Una segunda cuestión que creemos que merece la pena analizar –y más teniendo en cuenta que, como ya se ha explicado, se da tanta relevancia al contenido gráfico– es uno de los mapas que se presentan en cada capítulo, concretamente el que tiene la rúbrica «Partido ganador por circunscripción». Al margen de la clara intención que tienen, a la que no negamos utilidad –dar, de un solo vistazo, una idea clara del resultado electoral–, es evidente, y así lo reconoce el propio trabajo, que sólo aportan una parte de la información. En unas elecciones con una victoria clara –usemos el paradigma, las de 1982–, estos mapas aportan la lectura fiel: un inmenso triunfo socialista correspondido por el rojo en casi todas las provincias. Sin embargo, si nos vamos a las elecciones de 2008, mucho más reñidas, el mapa –con un dominante gris de empate en diecisiete provincias–, otorga escasa información. Finalmente, en el mapa de 2015, la sensación es completamente errónea: el PP ganó ese año en veintiocho provincias, muchas más que el PSOE en 2008, pero su ‘mayoría’ es la más minoritaria de la democracia y el mapa no cuenta la realidad más importante de estos comicios, la irrupción de dos nuevos PAE con una fuerza de más de cinco millones y medio de votos y ochenta y dos escaños –sin contar las ‘confluencias’ de Podemos–. Por supuesto toda esta información está en las restantes tablas y gráficos, además de perfectamente explicada y detallada en el texto, pero de alguna manera, a nuestro entender, priva de utilidad estas figuras concretas.

En esta línea, una propuesta sería esquematizar aún más estos mapas, como ha hecho en alguna ocasión algún medio de comunicación español, imitando el atractivo mapa de cientos de distritos uninominales clásico del Reino Unido. Se dividiría cada provincia en parcelas correspondientes a los escaños que la misma aporta al Congreso, coloreando cada una de esas pequeñas parcelas con el color del partido correspondiente, de tal forma que quedara destacado el partido ganador en cada distrito provincial –la intención original de estos mapas– pero se aportara la información completa del reparto de Diputados, que es al fin y al cabo lo esencial. Alternativamente, podría optarse por un esquema de la composición del Congreso de los Diputados, complementario a las tablas de resultados, bien en semicírculo o con trescientos cincuenta puntos. Un formato también habitual en prensa que, bien hecho, es extraordinariamente facilitador de la comprensión de las mayorías. Decimos «bien hecho» porque debe hacerse teniendo en cuenta el eje ideológico izquierda-derecha, y no poniendo los partidos por orden de tamaño o alfabético, fórmulas que inexplicablemente la mayoría de creadores de contenido gráfico siguen utilizando, y que entorpecen tremendamente la comprensión visual del ‘mapa’ de Hemiciclo.
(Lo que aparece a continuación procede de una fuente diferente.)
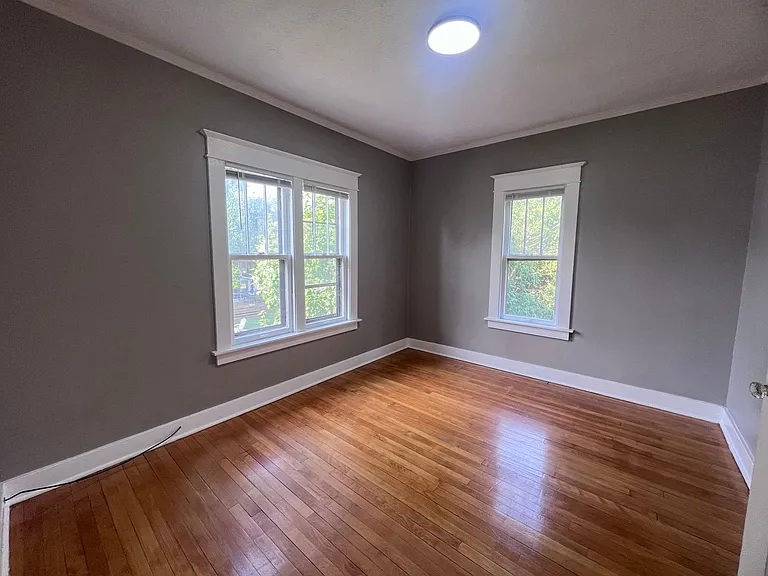 317 Pine Ave NW — Photo 13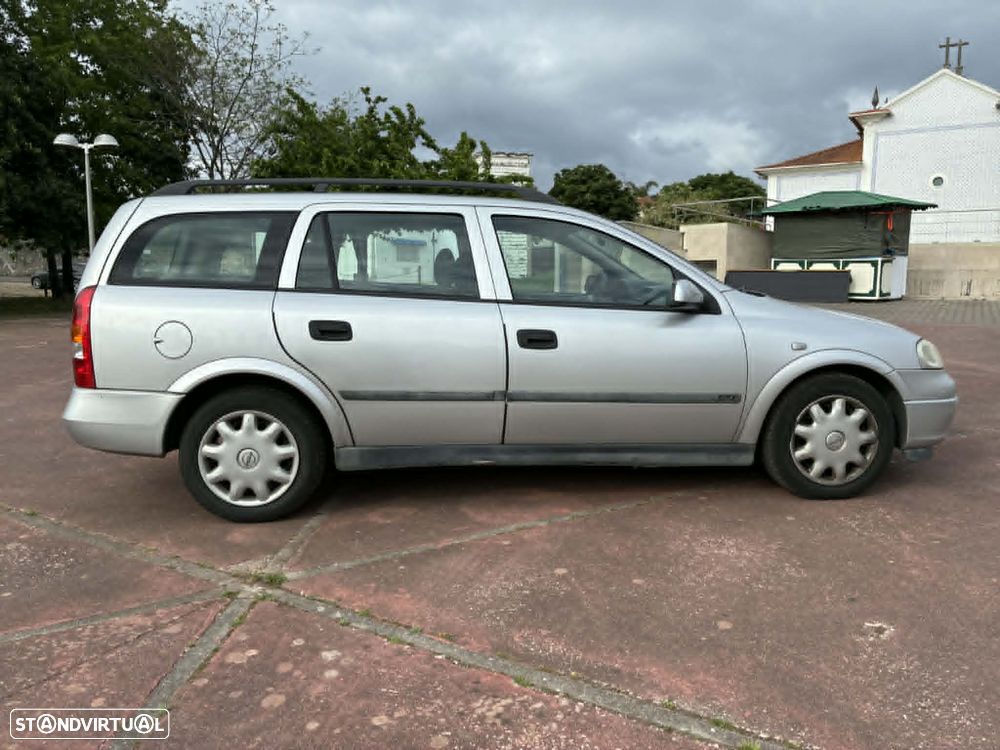 Opel Astra 1.4 Club - 4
De nuevo, y con la misma cautela, esta crítica es constructiva y con mero ánimo de mejora; pues poco reproche técnico se puede hacer a un mapa que muestra estrictamente la realidad.

Y finalmente, un aspecto que, paradójicamente, en otras circunstancias pasaría quizás desapercibido, pero que la actualidad parlamentaria de este 2017 hace mucho más relevante: España es un sistema parlamentario bicameral. Asimétrico, desde luego, pero bicameral al fin y al cabo. Y como tal, todas las elecciones generales que se tratan han sido al Congreso de los Diputados… y al Senado.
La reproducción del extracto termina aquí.